**DATA IN THIS EXERCISE:**
• • • • •
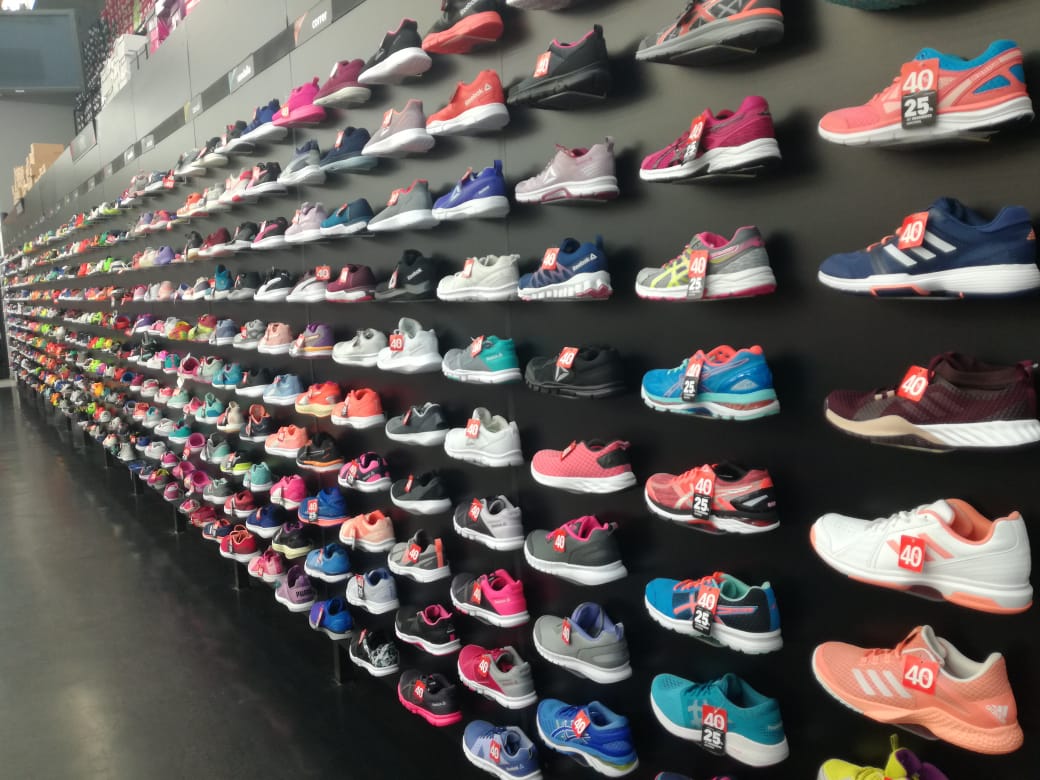OutletGDL's tweet photo. ¿Ya sabes cuál te vas a llevar? Ven a @DeportesMarti #OutletGDL y llévate ropa y calzado con hasta 40% de descuento + 25% adicional.

Promoción válida hasta el 20 de febrero. https://t.co/EJVXBCfMZd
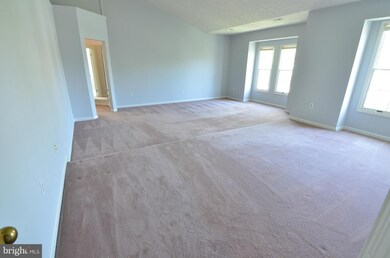 5902 Hampton Forest Way, Fairfax, VA 22030 - photo 3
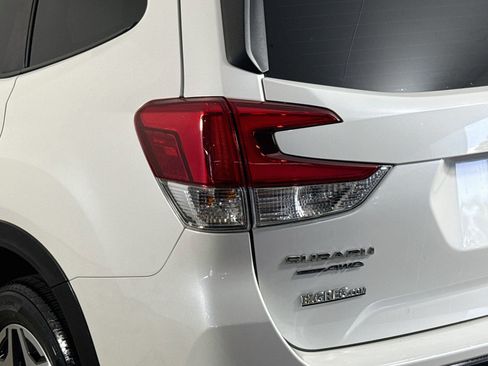 Used 2023 Subaru Forester Premium AWD/4WD image 36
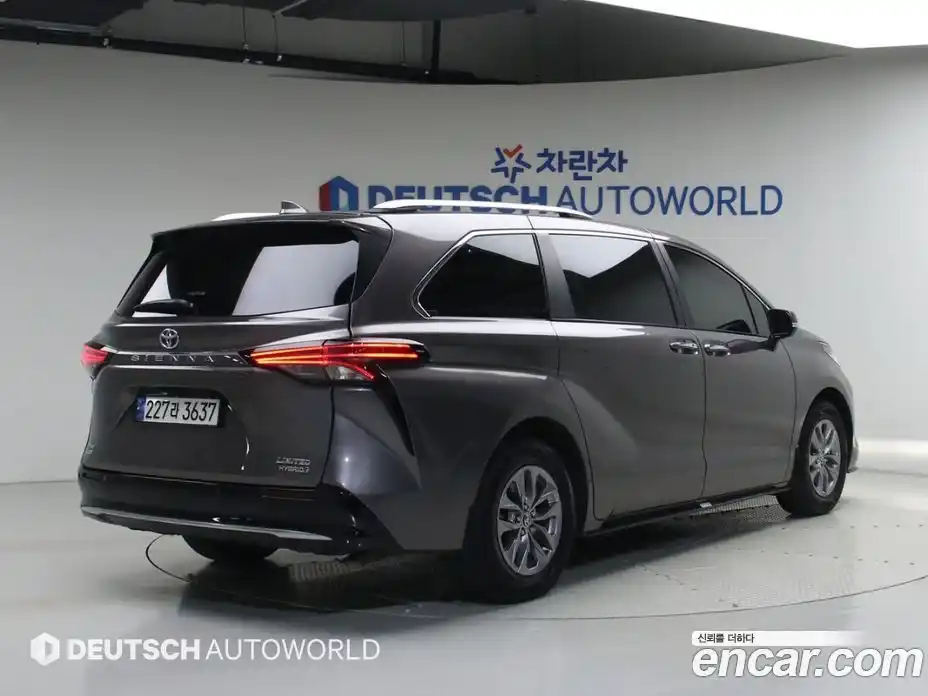 Toyota Sienna 2022 2.5 гидро, фото 2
• • • • •
**ACTIVITY:**
The expected response is every entry above, repeated exactly, pictures removed.

**FINISHED TASK:**
OutletGDL's tweet photo. ¿Ya sabes cuál te vas a llevar? Ven a @DeportesMarti #OutletGDL y llévate ropa y calzado con hasta 40% de descuento + 25% adicional.

Promoción válida hasta el 20 de febrero. https://t.co/EJVXBCfMZd
 5902 Hampton Forest Way, Fairfax, VA 22030 - photo 3
 Used 2023 Subaru Forester Premium AWD/4WD image 36
 Toyota Sienna 2022 2.5 гидро, фото 2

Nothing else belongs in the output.